Open CaseyCarter opened 5 years ago
Editorial meeting:
Thanks! Could you paste this list into the wiki, too?
Some rationale from the discussion: We don't want to ban any sort of alignment outright, nor do we want a hard rule for when to align. Alignment is a tool, and we should use it with good judgement. We agree that it should not be overused, and we have come up with a number of specific constraints and principles:
Itemdecls should never use "out-of-context" alignment, i.e. alignment that would only make sense in the context of the corresponding synopsis. (When an itemdecl contains multiple declarations, they may retain alignment that's locally useful.) Moreover, the declaration in a synopsis should be formatted the same as in any itemdecl that repeats it.
Alignment is sometimes useful: It can help isolate the declared name amidst a sea of keywords and right-hand-sides, and it can help to emphasize small differences in long passages that share large common subsets.
The "Rules" Jens mentions above limit the number of places where we can insert aligning whitespace, so as to keep the number of presentational variations small that readers are confronted with. Moreover, they ensure that any blocks of code that do use alignment are sufficiently separated from ambient code to have local consistency without creating large-scale "blocking" or "staircasing".
We considered the historic practice of aligning function names (e.g. "erase" and "insert") excessive and don't condone this in the future. (Cleanup PRs for existing synopses are welcome.)

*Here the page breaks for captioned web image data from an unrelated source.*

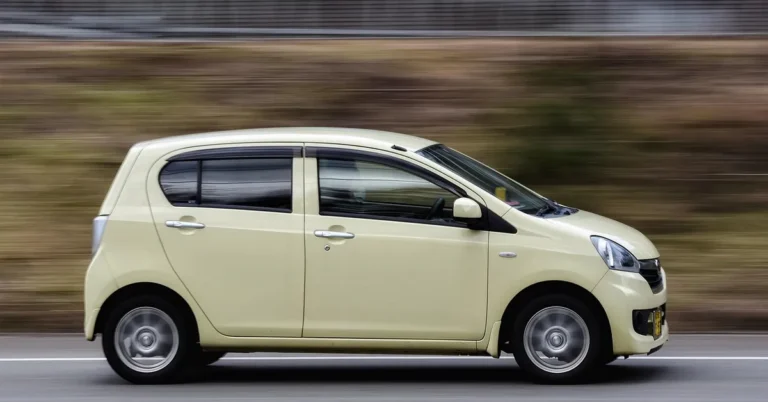 A small compact car driving on a road, representing the compact car size class
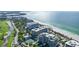 Aerial view of the condo building and its surroundings at 535 Sanctuary Dr # A202, Longboat Key, FL 34228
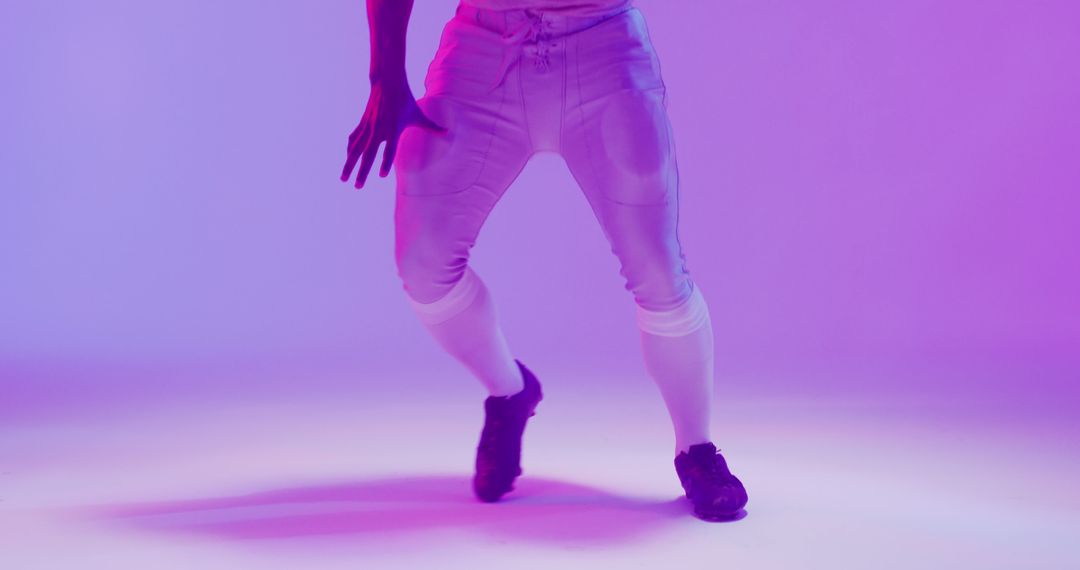 Image of african american american football player with ball over purple background - Free Images, Stock Photos and Pictures on Pikwizard.com
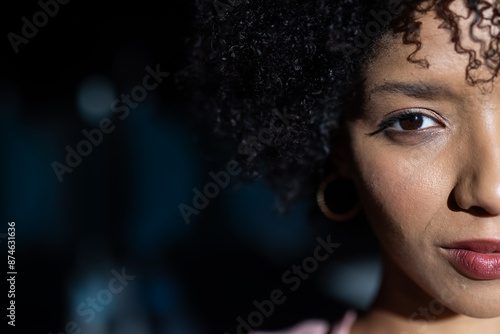 Close-up of woman with curly hair and hoop earring, looking confidently, copy space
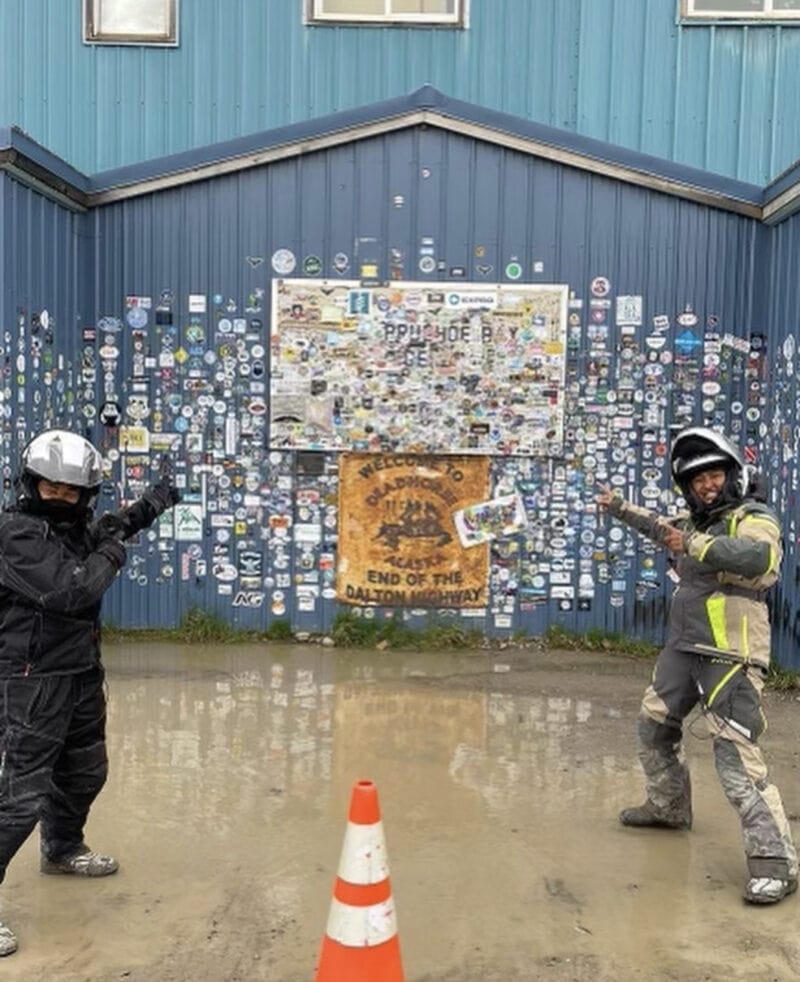 Two women in motorcycle gear pointing to a sign for Prudhoe Bay, covered in stickers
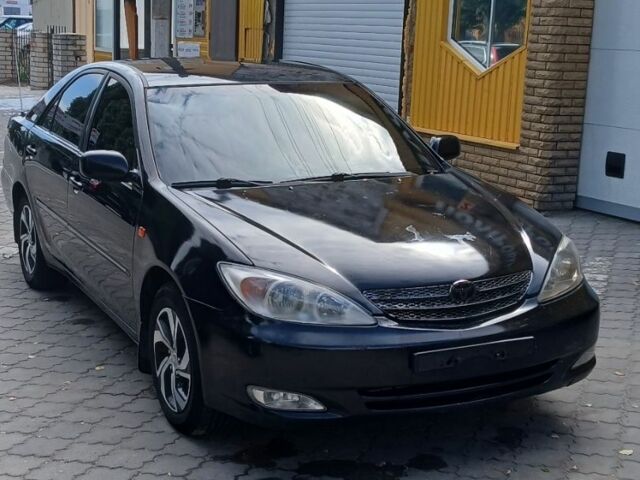 Черный Тойота Камри, объемом двигателя 2.4 л и пробегом 307 тыс. км за 4500 $, фото 6 на Automoto.ua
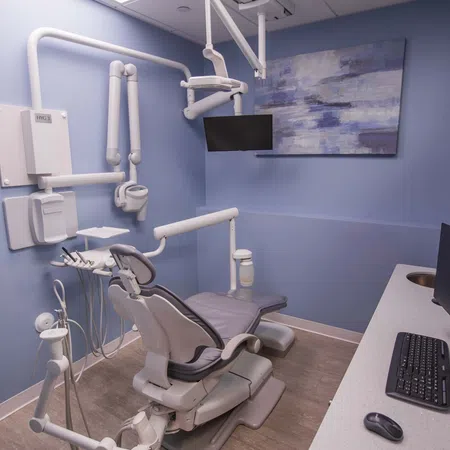 Modern dental office with a dental chair, overhead light, monitor, and computer workstation against blue walls.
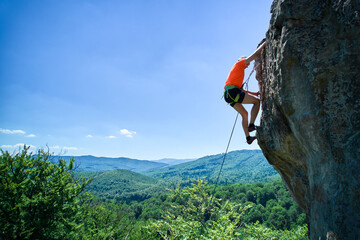 Aerial view of male rock climber ascending rugged limestone cliff with harness and rope for safety....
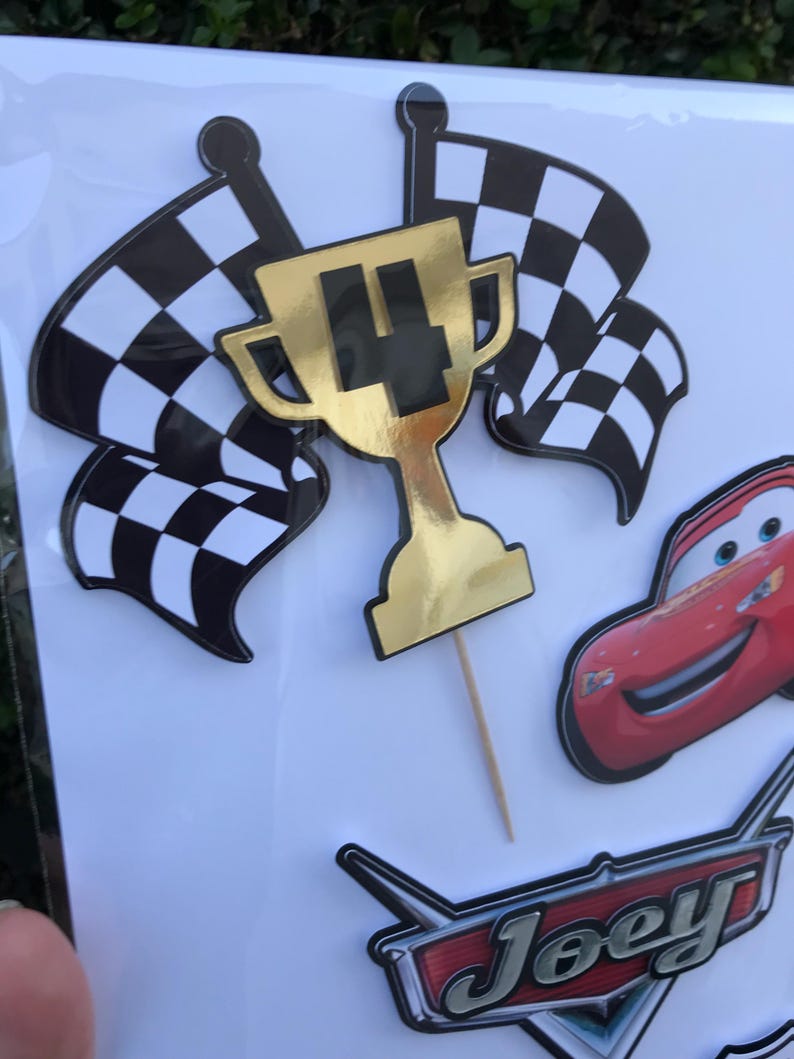 May include: Cake toppers featuring a gold trophy with the number 4, checkered flags, and a red race car. The word "Joey" is also visible in a racing-themed font. These decorations are perfect for a birthday party.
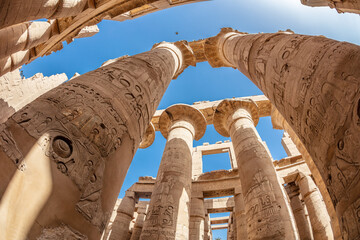 Different hieroglyphs on the walls and columns in the Karnak temple. Karnak temple is the largest...
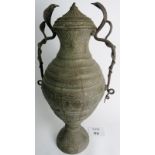 A large Indian brass twin handled jar with lid, two cobra handles,
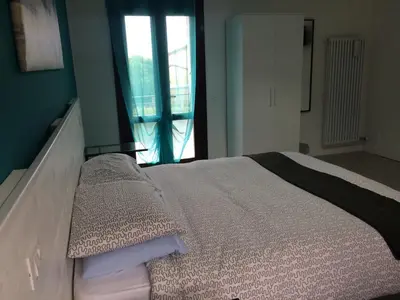 Letto o letti in una camera di Al 97 Locazione turistica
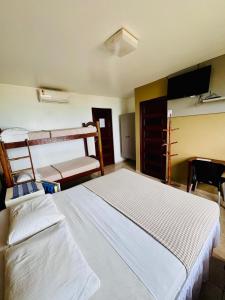 Postel nebo postele na pokoji v ubytování Pousada Bossa Nova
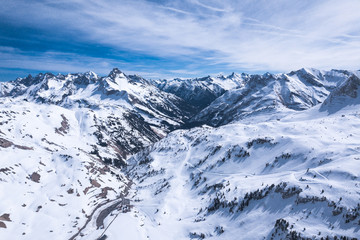 Fototapeta premium winter landscape with blue sky in austria by drone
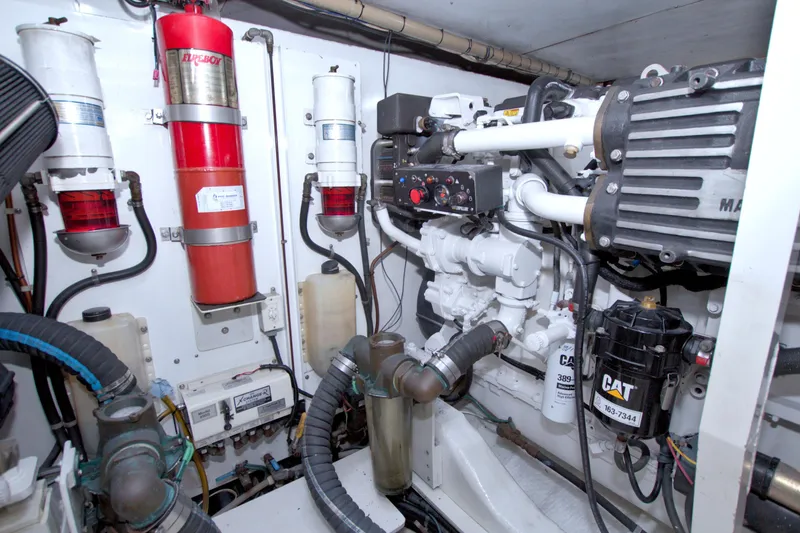 Slide: The Image of Engine room of 2005 Neptunus 62 Flybridge yacht with CAT components and fire extinguisher. - 100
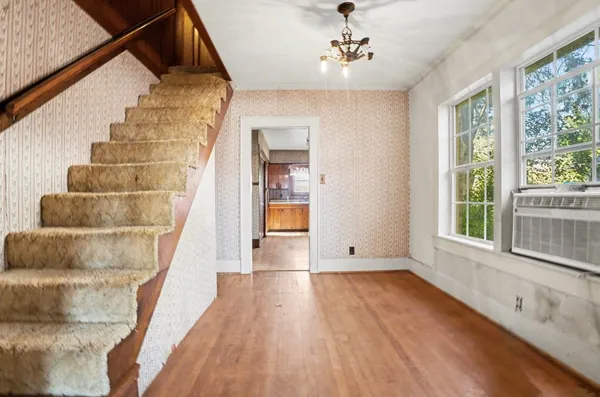 a view of an entryway with wooden floor and cabinet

In summary, within reason we can use alignment where it improves the overall presentation. Do feel free to address specific, focused instances via issues or pull requests where you feel that we can make improvements.
Rules added to the wiki.
Declarations in library header and class synopses often go to great lengths to add spaces to align declarations in various ways. We're inconsistent about when we do so, and how we do so. These hand-alignments are fragile, and result in weird "stairsteps" between regions of local consistency. We should establish a consistent policy for which declarations, if any, we align.